Items from a dataset
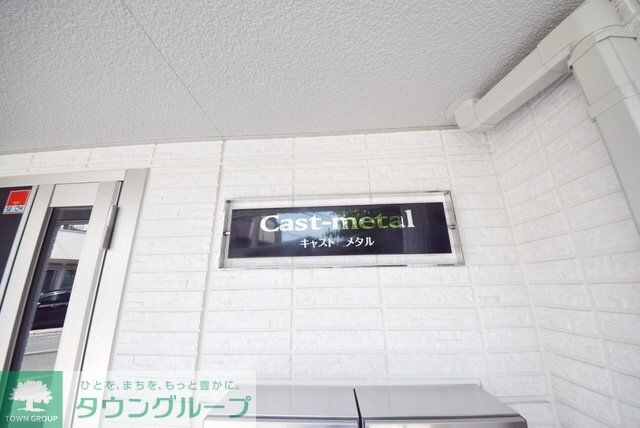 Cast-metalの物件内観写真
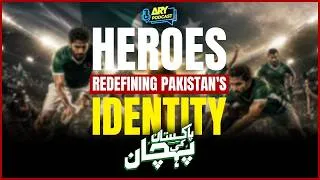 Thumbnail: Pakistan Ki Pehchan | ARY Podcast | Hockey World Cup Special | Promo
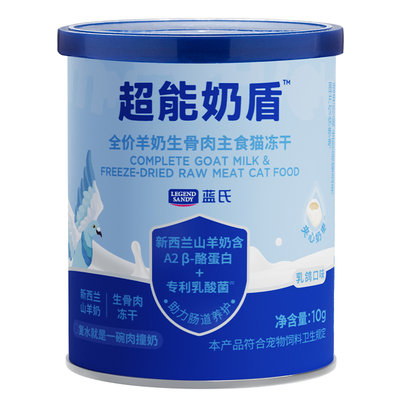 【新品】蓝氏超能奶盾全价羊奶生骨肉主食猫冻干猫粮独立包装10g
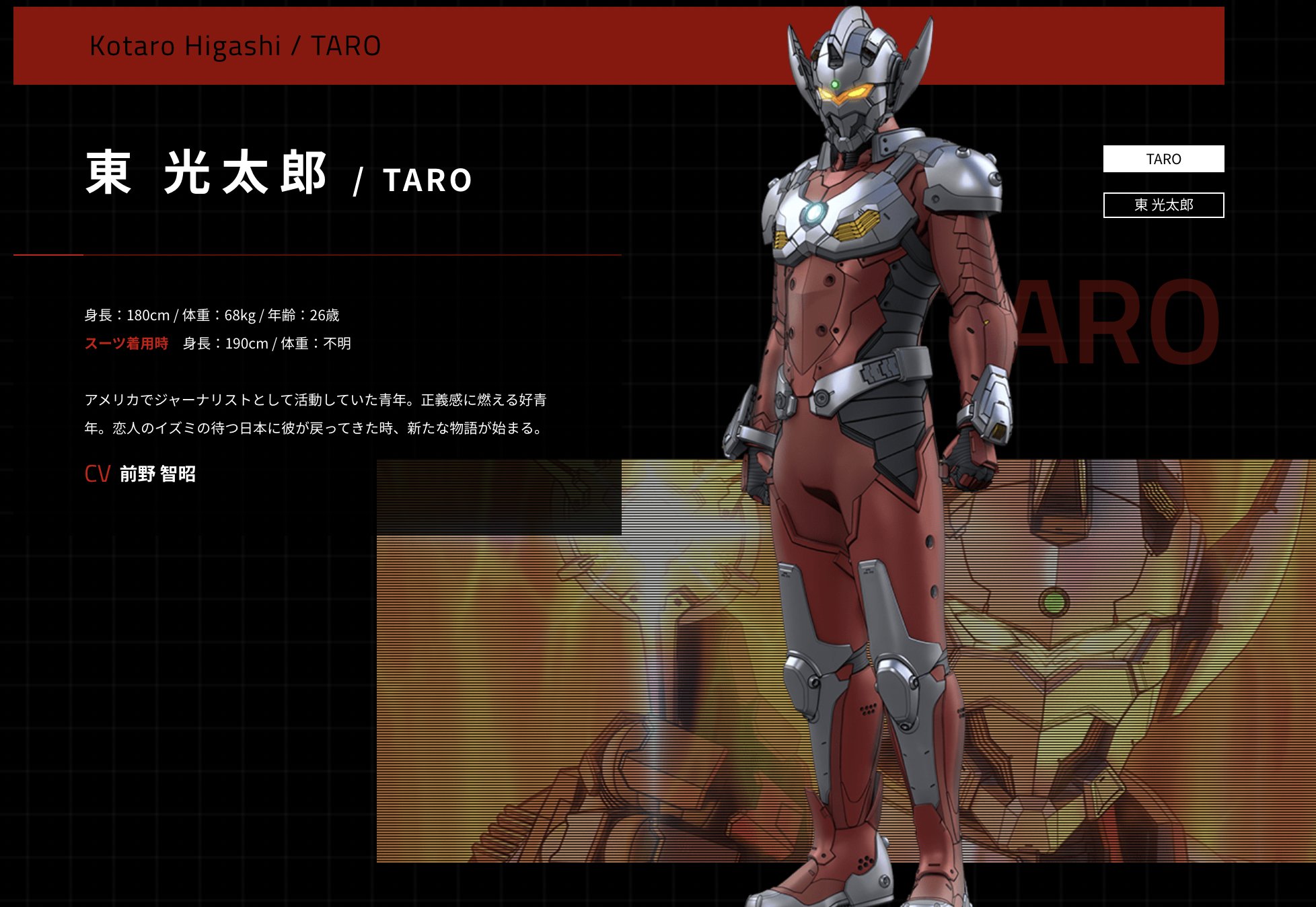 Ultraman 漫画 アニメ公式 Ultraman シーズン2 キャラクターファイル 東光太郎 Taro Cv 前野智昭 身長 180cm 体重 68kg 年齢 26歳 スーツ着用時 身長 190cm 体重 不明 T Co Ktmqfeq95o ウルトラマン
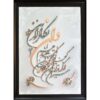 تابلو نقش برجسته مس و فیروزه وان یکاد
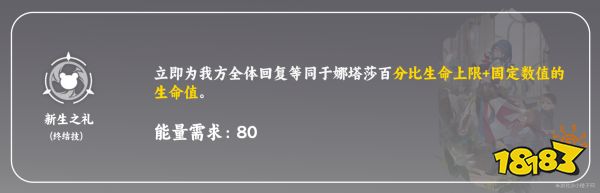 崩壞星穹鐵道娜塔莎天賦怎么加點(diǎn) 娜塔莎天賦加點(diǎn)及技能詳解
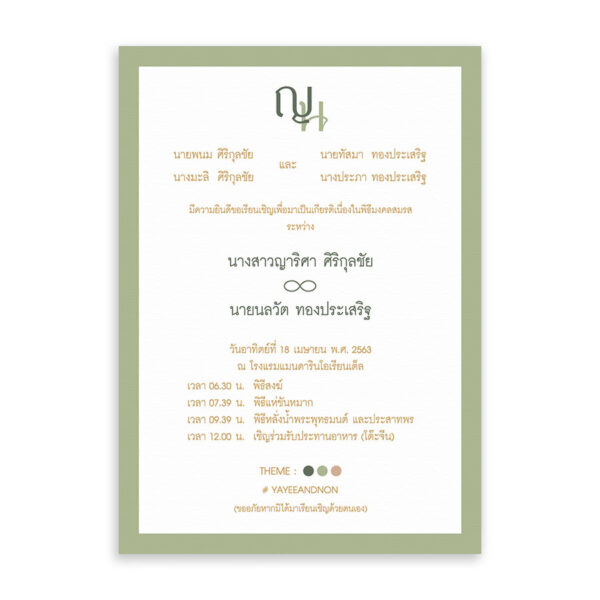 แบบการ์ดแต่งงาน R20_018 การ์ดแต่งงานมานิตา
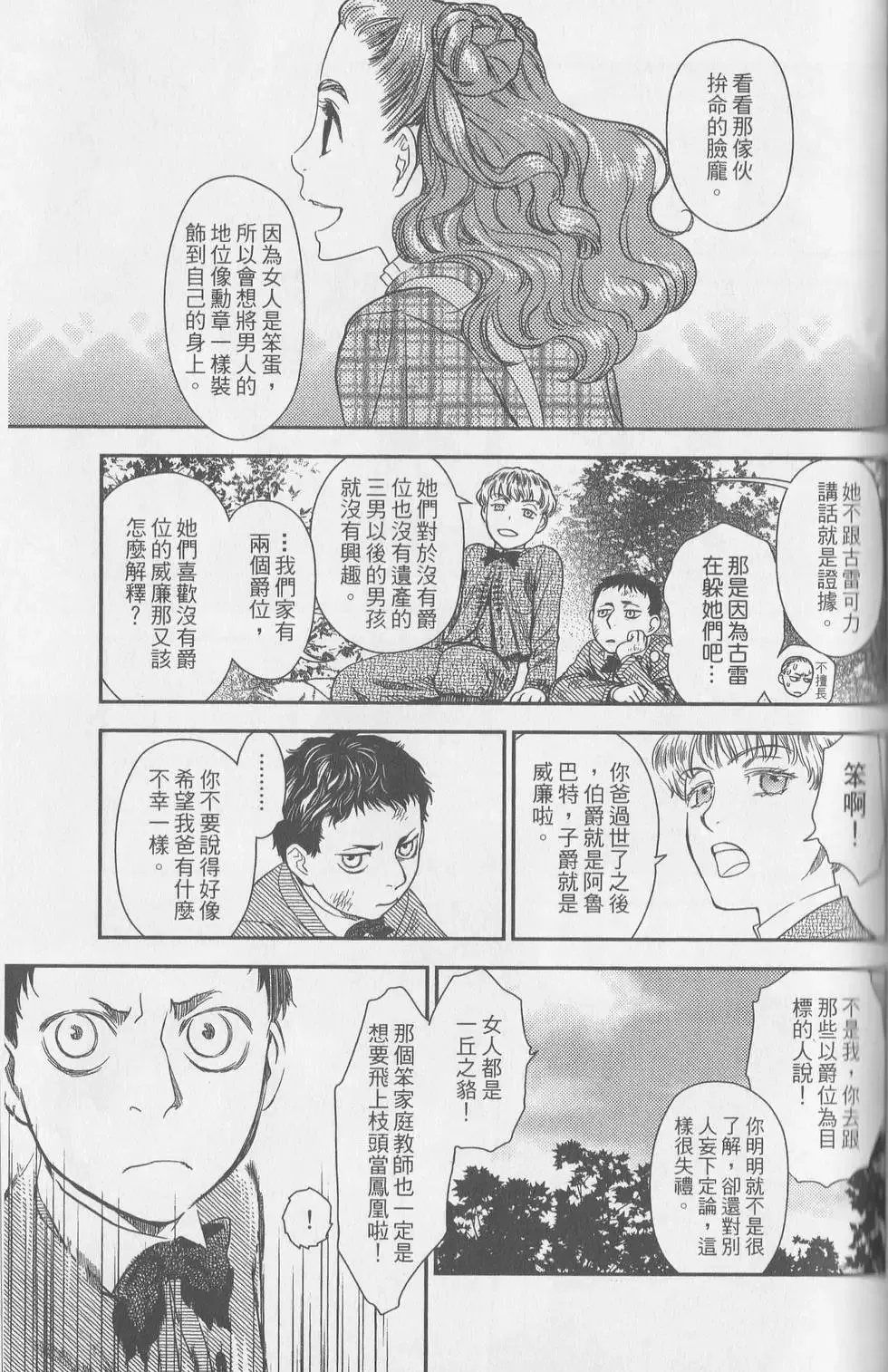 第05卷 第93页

---

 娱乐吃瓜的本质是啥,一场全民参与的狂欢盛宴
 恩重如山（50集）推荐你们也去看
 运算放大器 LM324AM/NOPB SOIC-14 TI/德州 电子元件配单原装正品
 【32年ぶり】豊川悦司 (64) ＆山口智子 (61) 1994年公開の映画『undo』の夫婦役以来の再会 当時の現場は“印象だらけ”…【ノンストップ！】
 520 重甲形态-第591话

## Brief
Leaving pictures out, output the lines of the data above from the one with "Cast-metalの物件内観写真" through the one with "Ultraman 漫画 アニメ公式", word for word.

## Task result
 Cast-metalの物件内観写真
 Thumbnail: Pakistan Ki Pehchan | ARY Podcast | Hockey World Cup Special | Promo
 【新品】蓝氏超能奶盾全价羊奶生骨肉主食猫冻干猫粮独立包装10g
 Ultraman 漫画 アニメ公式 Ultraman シーズン2 キャラクターファイル 東光太郎 Taro Cv 前野智昭 身長 180cm 体重 68kg 年齢 26歳 スーツ着用時 身長 190cm 体重 不明 T Co Ktmqfeq95o ウルトラマン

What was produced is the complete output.